Te Kohe Tuhaka and George Henare in the Auckland Theatre Company production Awatea. Photo / Supplied

A battle over minorities was centre-stage this year: gay people, disabled people, wimmin people and other Others - they/we were both celebrated and sneered at. Silo Theatre was the fantastic heavy-hitter in the left corner of this iPolitics theatre of war, coming out fast and funny with the star-laden feminist Top Girls, then Tribes (a beautiful delivery of a slightly undercooked script about deaf isolation), before moving on to the gay historical drama The Pride. This pointed troika was a bold piece of programming and Silo proved they had the production chops to pull it off, ensuring entertainment before earnestness.

Various minority reports also came in from Massive Company's upbeat true-story ensemble The Brave, while the Auckland Theatre Company (ATC) revival of A Frigate Bird Sings focused on the complications of life for a fa'afafine and her family. And Bruce Brown's 10-minute Boys' Outing was a sparkling diamond hidden under the Short+Sweet rug - one of the most adorable revelations of mutual attraction (gay or straight) I've ever seen, well played by young performers Graham Candy and Ryan Dulieu.

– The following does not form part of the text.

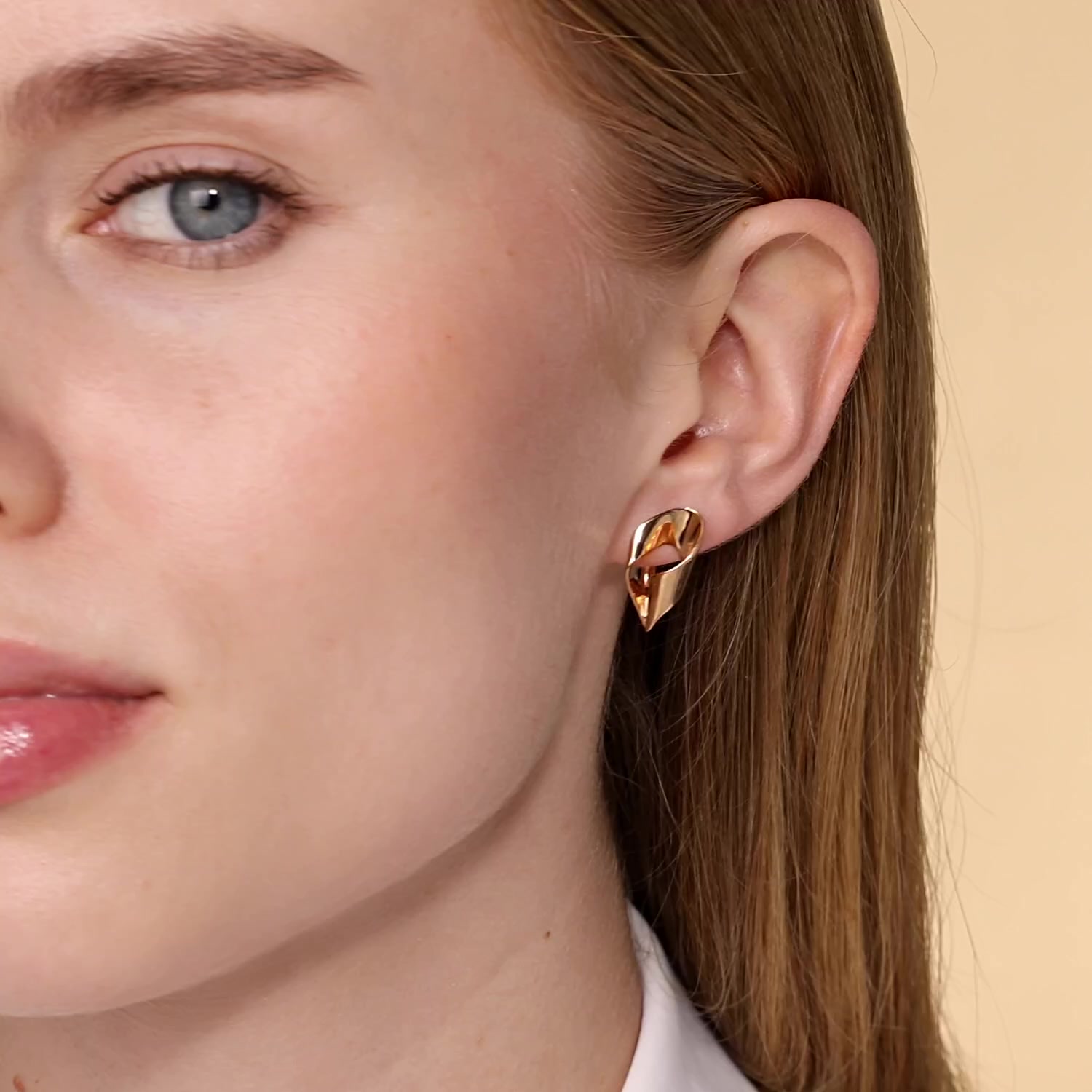 Золотые серьги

In contrast, I'm tired of cripple jokes, I'm tired of fat jokes, and I'm tired of older single women all being portrayed as desperately man hungry (in your dreams, elderly playwrights). Woefully, all the plays I saw which were guilty of throwing up such throwbacks were by New Zealanders. If I needed to see others disrespected for no particular reason other than to make me feel superior and to shore-up a receding patriarchal pecking order, I'd watch budget TV. (Although the single funniest moment in Auckland theatre this year was Gerry Brownlee being made to sit next to Jaime and Sally Ridge in the audience at the spectacular Mary Poppins premiere.)

The year was also full of delights and revelations. The scrunchie-licious Checkout Chicks - an ATC "Next Big Thing" musical comedy by Julia Truscott and Rachel Callinan set recognisably at your local supermarket - deserves a national tour for being awesome. Another, more substantial highlight was ATC's biggest risk: 20-something playwright Eli Kent on the main bill. Black Confetti was a triumph for cast and crew as well as creator - ambitious, atmospheric and theatrical, without taking itself too seriously. And A Midsummer Night's Dream's play-within-the-play showed ol' Shakespeare's still got a side-split or 10 left in him.

For the pointy-headed among us, (potent pause) Productions pleased with Pinter's The Birthday Party - it was a sublime consensual mind-muddle, as was Nisha Madhan's off-piste matching of Patti Smith and Sam Shepard's Cowboy Mouth with her own absurd Love It Up. Rachael Walker's very clever atom set for Copenhagen enhanced an already excellent production; and Michael Hurst is on to something with his mad-hero musings in Bard Day's Night. The New Performance Festival's Call Cutta in a Box (each one-on-one show was performed by a call centre worker in Calcutta) was a unique, impressive and thought-provoking experience.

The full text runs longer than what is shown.